Maybe it's time all mouse companies stop thinking of us as idiot consumers. The last 10 years they make mice with horrible shape and "handling". Also they make them smaller and smaller every day. I don't need a mouse featuring 6000dpi that there is no way i can use them properly. This is disgusting and despicable.


February 1, 2011, 5:23 pm

I'd just like to point out that this:

"If using it in accompaniment to a netbook, you might just be able to squeeze the Arc Touch inside a neoprene sleeve, where a less compact mouse wouldn't fit"

is a "tangible benefit".


February 1, 2011, 6:19 pm


Wow, wake up on the wrong side of bed did we?! I guess you haven't seen a Logitech MX Revolution, Microsoft Explorer with BlueTrack or Natural Laser Mouse 6000 in the last 10 years then?

I can't say the Arc Touch looks terribly comfortable to me, and the reviews I've read suggest it's definitely more of a portable short-term usage product. That said, I used to hate chiclet keyboards until I replaced my Microsoft Ergo 4000 with an Arc Keyboard so I guess that says a lot for what Microsoft can do with a seemingly unattractive concept.

Alistair B

February 1, 2011, 9:45 pm


For goodness sake, using the words "disgusting" and "despicable" sounds like you're describing the actions of a local paedophile not a mouse released by Microsoft.
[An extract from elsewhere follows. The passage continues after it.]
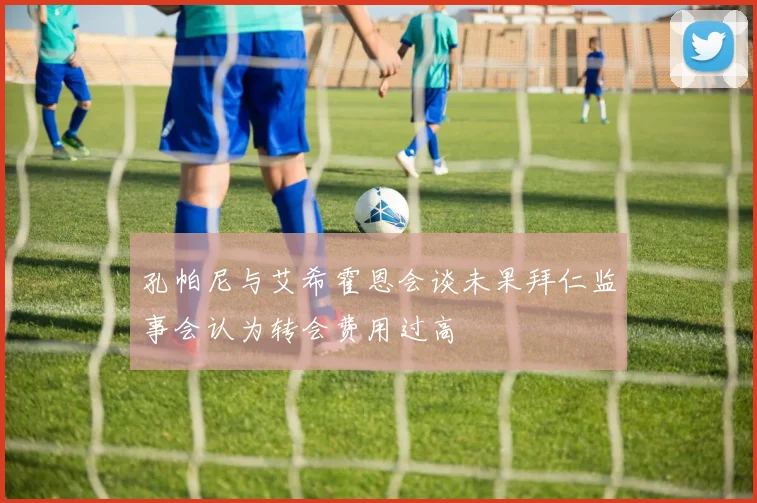 孔帕尼与艾希霍恩会谈未果拜仁监事会认为转会费用过高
Show some perspective, please....

I've no idea what benefits can be found in these type of products. I recently got an iMac and I absolutely hate the Apple Magic Mouse that came with it. It's so uncomfortable to use and the multitouch surface makes me want to throw it across the room. Give me a standard Logitech affair any day.


February 2, 2011, 6:14 pm

I have the previous generation arc, and my main complaint with it is that the optical sensor is at the front of the mouse, not the middle. For playing games or doing fine adjustments in Autocad/Photoshop, this suddenly caused me a lot of trouble...
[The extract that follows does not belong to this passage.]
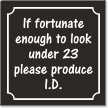 Fortunate to Look Under 23 Produce ID Sign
February 2, 2011, 10:01 pm

@ Christian

Me too, I really like it. My only complaint is that the range is very short (as is the Arc keybloard). I wanted to use them from the other side of the room on my pc hooked up to the TV but the range isn't anywhere near good enough.
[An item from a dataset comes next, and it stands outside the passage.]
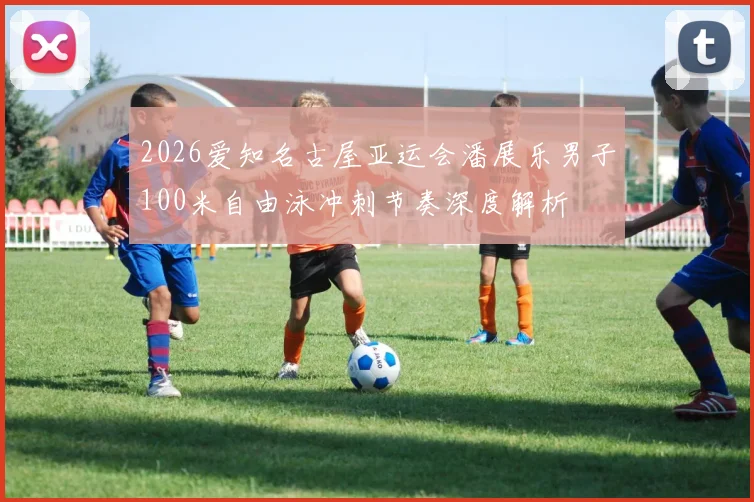 2026爱知名古屋亚运会潘展乐男子100米自由泳冲刺节奏深度解析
I've got my eye on the Logitech M515... :D


February 2, 2011, 10:26 pm

@stranded: Eh? Why would peripheral manufacturers willingly force you to use an uncomfortable mouse? It's not in their interests to make their customers unhappy, it tends to lose them money in the long run.

As <A88> pointed out, a selection of very comfortable, capable and well made mice are currently available. The Performance MX I'm using now is undoubtedly the best rodent I have owned in 20+ years.

That said, this mouse strikes me as a triumph of style over substance.